Exercise brief:
The answer is a stretch of the material below, returned exactly: the line containing "KNITFreedom ~ Magic", the line containing "5400B Youth Heavy", and all lines between.

Extracted material:

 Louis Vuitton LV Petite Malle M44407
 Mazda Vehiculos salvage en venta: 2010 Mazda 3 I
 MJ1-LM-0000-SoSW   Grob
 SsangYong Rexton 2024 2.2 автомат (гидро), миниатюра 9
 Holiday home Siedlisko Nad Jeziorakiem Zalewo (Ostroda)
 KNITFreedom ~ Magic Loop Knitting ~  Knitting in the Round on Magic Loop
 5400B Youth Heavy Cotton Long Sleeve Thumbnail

...

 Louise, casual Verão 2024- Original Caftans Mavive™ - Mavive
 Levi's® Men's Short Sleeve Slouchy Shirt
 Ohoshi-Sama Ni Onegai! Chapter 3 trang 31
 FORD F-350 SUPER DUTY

Output for this exercise:
 KNITFreedom ~ Magic Loop Knitting ~  Knitting in the Round on Magic Loop
 5400B Youth Heavy Cotton Long Sleeve Thumbnail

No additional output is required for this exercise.